Cal NORML letter to Sen. Dianne Feinstein re: Sept 10th Judiciary Committee Hearings on Marijuana

September 4, 2013

Dear Sen. Feinstein:

Here are some questions for Attorney General Holder which we hope you will ask at the upcoming Judiciary Committee hearings on federal policy with regards to state marijuana laws. Cal NORML welcomes the A.G.’s announcement that DOJ will not seek to overturn state marijuana laws. We strongly support his proposed guidelines for federal enforcement and hope the state legislature will act expeditiously to enact a “strong and effective” regulation system in California, as called for by the A.G.


(1) Will the DOJ and DEA stop pressuring banks and financial institutions to deny services to cannabis businesses that are operating legally under state law? Forcing cannabis businesses to deal in cash only invites crime. A DOJ official told the Huffington Post that DOJ would not prosecute banks for serving legitimate cannabis businesses, but this hasn’t been confirmed in writing, nor is it clear whether DOJ’s policy extends to the DEA or other federal agencies.

(2) Similarly, will the DEA desist from its recently reported policy of pressuring armed security services into not serving cannabis businesses?

(3) Will the DOJ direct DEA to stop sending threatening forfeiture letters to landlords of cannabis businesses that operate legally under state law?

(4) Will the DOJ direct the BATF to rescind its prohibition on gun sales to otherwise law-abiding medical marijuana users – especially after having given automatic weapons to Mexican narco-trafficantes under operation “Fast and Furious”.

(5) Will the DOJ rescind its threats to prosecute local officials who try to regulate marijuana, as happened in Mendocino County, where US attorneys coerced the county supervisors to repeal their path-breaking 9.31 outdoor cultivation ordinance that successfully promoted compliance with environmental, public safety, and land use laws, while raising over $600,000 in fees for the sheriff’s department?

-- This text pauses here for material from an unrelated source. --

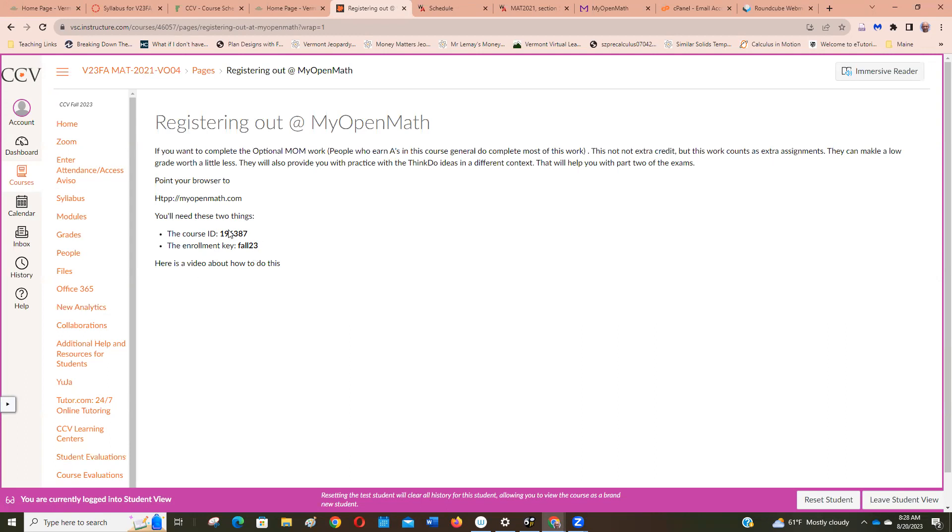So you'll need this course ID and you'll need the enrollment key. So let me copy that ID and I'll remember that Fall 23.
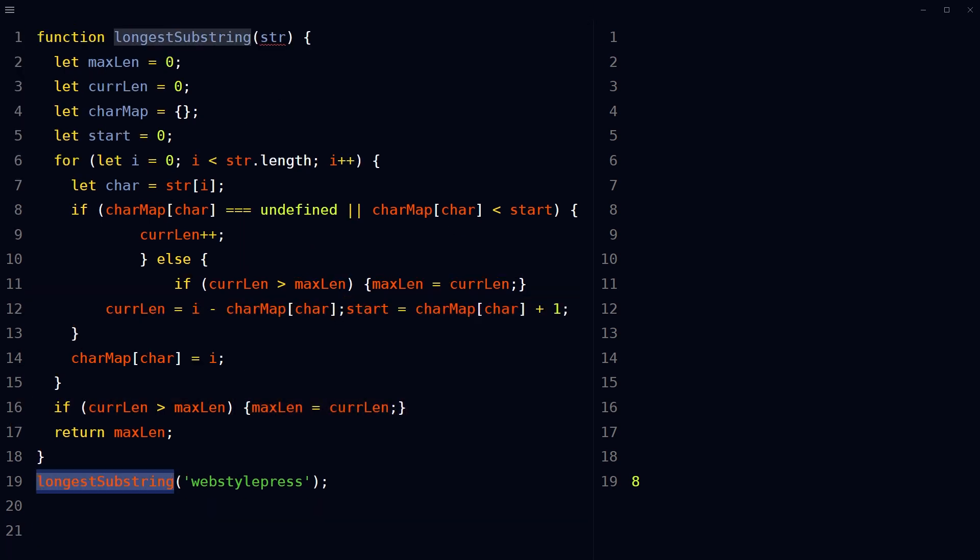Call the function with the string and it should return the maximum length of the substring without repeating characters. For webstylepress, it's 8, for B-S-T-Y-L-E-P-R. This substring.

(6) Will the DOJ direct DEA to reconsider its obsolescent, 40-year-old policy of treating marijuana as a Schedule I drug with no medical use? As you know, it has now been 17 years since Californians first voted to approve the medical use of marijuana. Since then, 20 states plus the District of Columbia have followed suit, along with such nations as Canada, Israel, Czechoslovakia, and the Netherlands.

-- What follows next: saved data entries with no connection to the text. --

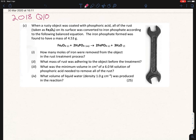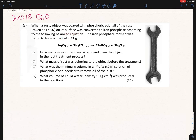If you could do the stoichiometry well, you could be getting close to full marks for this section. The first question reads: how many moles of iron were removed from the object in the rust treatment process? This is actually confusing in terms of what is being asked, so let's go back to the text. It says: when a rusty object was coated with phosphoric acid — this spanner here was coated with some phosphoric acid — the rust Fe₂O₃ on the surface was converted to iron phosphate. You're told how many grams of iron phosphate were produced: 4.53 grams.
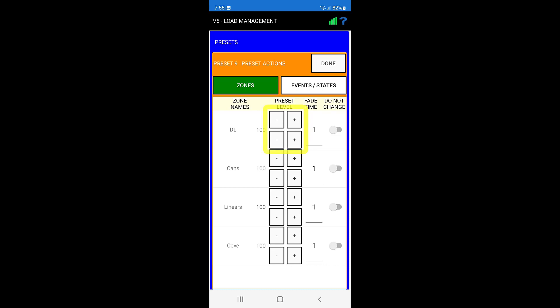The top buttons will adjust the percentage by 10 percent, and the bottom buttons will adjust by 1 percent. As the percentages are adjusted, the lights will dim up and down in real time.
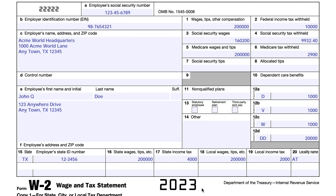Copy one is used if you live in a state or locality subject to state or local income tax. Copy B you will file with your federal income tax return. Copy C goes into your tax records. Copy D stays with your employer's records. And if you need it, copy two gets filed with your city, state, or local income tax return.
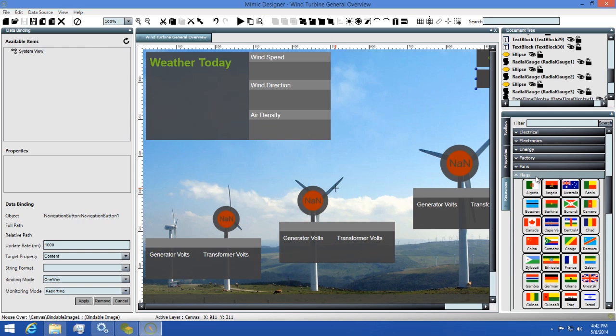The Resources tab will show a collection of clip art that you can use to design your Mimics. There's all sorts of pieces available to you including conveyors, boilers, tanks, and more.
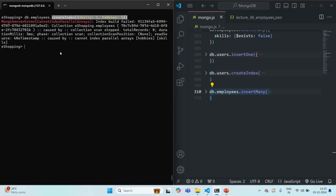In this lecture we learned what a multi-key index is. Multi-key indexes work just like any other normal index, but they will always be larger in size than normal key indexes. This is all from this lecture. If you have any questions, feel free to ask. Thank you for listening and have a great day.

In the meantime, there have been dozens of published studies showing medical benefits of marijuana, including several FDA-approved human studies by California’s Center for Medicinal Cannabis Research. When then-DEA administrator Asa Hutchinson was asked about rescheduling marijuana in 2002, he responded that would require studies of the kind then being planned by CMCR. Despite this, in denying the latest rescheduling petition by the Coalition to Reschedule Cannabis, the DEA totally disregarded the latest evidence from CMCR and other sources, claiming that it would only consider large-scale, Phase 3, FDA studies, which have been impossible to conduct due to the DEA’s own regulations.

(7) Will the DEA desist from obstructing scientific studies by denying access to marijuana for research purposes? The DEA has insisted on giving monopoly control over marijuana research to NIDA, rejecting an application by the University of Massachusetts to establish a medical cannabis research garden. Doing so, it overruled the decision of its own administrative law judge, Mary Ellen Bittner, that establishing such a garden would be in the public interest. The result has been to prevent any Phase 3 FDA studies from being conducted, since NIDA has repeatedly said it has no interest in letting its marijuana be used for such purposes. In effect, the DEA has created a Catch-22 situation, demanding that marijuana be proven through studies that it refuses to permit in the first place.

(8) Will the DEA eliminate obsolescent rules that prevent legitimate researchers from using marijuana that is legally produced under state laws? At present, DEA regulations preclude research with anything other than NIDA’s marijuana. This prevents research with the hundreds of new varieties that have been developed and are widely use in states like California. In order to properly evaluate the risks and benefits of these varieties, which include constituents not found in NIDA’s supply, it is essential that researchers have the same freedom to investigate them that legal users enjoy.

We believe the Attorney General’s new policy is on the right track, but needs to be followed up with appropriate action by the DEA and other federal agencies, as well as by Congressional legislation.